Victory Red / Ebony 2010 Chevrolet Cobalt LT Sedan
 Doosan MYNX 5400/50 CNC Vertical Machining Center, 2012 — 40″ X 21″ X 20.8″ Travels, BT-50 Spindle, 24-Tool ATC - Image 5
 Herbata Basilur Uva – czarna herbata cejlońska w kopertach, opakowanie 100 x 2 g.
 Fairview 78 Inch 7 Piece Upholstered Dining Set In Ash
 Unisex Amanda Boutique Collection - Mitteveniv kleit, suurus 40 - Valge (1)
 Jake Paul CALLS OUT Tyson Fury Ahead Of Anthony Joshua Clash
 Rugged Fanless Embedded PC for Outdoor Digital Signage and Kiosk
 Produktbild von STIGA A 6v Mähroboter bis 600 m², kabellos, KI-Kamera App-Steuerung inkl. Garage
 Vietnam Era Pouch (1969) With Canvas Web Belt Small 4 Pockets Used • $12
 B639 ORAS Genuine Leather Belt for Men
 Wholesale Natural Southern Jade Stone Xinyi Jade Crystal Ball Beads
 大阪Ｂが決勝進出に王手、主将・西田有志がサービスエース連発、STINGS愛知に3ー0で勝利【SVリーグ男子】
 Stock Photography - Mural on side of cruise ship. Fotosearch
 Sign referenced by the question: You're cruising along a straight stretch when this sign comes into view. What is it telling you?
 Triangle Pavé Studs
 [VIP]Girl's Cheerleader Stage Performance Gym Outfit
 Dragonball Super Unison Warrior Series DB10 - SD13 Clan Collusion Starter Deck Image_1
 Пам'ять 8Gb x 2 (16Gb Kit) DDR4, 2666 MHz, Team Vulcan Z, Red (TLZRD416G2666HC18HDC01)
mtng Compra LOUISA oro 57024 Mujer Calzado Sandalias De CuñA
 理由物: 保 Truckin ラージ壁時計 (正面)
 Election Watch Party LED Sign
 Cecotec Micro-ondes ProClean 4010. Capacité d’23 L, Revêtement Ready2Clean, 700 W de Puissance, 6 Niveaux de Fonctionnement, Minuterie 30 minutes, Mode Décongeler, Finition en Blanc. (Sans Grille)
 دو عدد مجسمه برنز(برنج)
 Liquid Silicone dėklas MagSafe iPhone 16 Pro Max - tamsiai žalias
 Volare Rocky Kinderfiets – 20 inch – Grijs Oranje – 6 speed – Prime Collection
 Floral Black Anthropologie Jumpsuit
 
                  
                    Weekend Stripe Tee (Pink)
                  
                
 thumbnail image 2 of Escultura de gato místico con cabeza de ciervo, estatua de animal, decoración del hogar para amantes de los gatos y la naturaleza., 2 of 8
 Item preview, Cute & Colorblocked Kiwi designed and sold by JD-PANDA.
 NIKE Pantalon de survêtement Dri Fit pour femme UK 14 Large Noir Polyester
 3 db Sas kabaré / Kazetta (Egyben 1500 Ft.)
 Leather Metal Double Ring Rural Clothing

+-------+

> _Exercise aim_
Can you write out the lines above, from the first one through the one containing "Sign referenced by", exactly as they appear and nothing more?

> _Answer to this exercise_
Victory Red / Ebony 2010 Chevrolet Cobalt LT Sedan
 Doosan MYNX 5400/50 CNC Vertical Machining Center, 2012 — 40″ X 21″ X 20.8″ Travels, BT-50 Spindle, 24-Tool ATC - Image 5
 Herbata Basilur Uva – czarna herbata cejlońska w kopertach, opakowanie 100 x 2 g.
 Fairview 78 Inch 7 Piece Upholstered Dining Set In Ash
 Unisex Amanda Boutique Collection - Mitteveniv kleit, suurus 40 - Valge (1)
 Jake Paul CALLS OUT Tyson Fury Ahead Of Anthony Joshua Clash
 Rugged Fanless Embedded PC for Outdoor Digital Signage and Kiosk
 Produktbild von STIGA A 6v Mähroboter bis 600 m², kabellos, KI-Kamera App-Steuerung inkl. Garage
 Vietnam Era Pouch (1969) With Canvas Web Belt Small 4 Pockets Used • $12
 B639 ORAS Genuine Leather Belt for Men
 Wholesale Natural Southern Jade Stone Xinyi Jade Crystal Ball Beads
 大阪Ｂが決勝進出に王手、主将・西田有志がサービスエース連発、STINGS愛知に3ー0で勝利【SVリーグ男子】
 Stock Photography - Mural on side of cruise ship. Fotosearch
 Sign referenced by the question: You're cruising along a straight stretch when this sign comes into view. What is it telling you?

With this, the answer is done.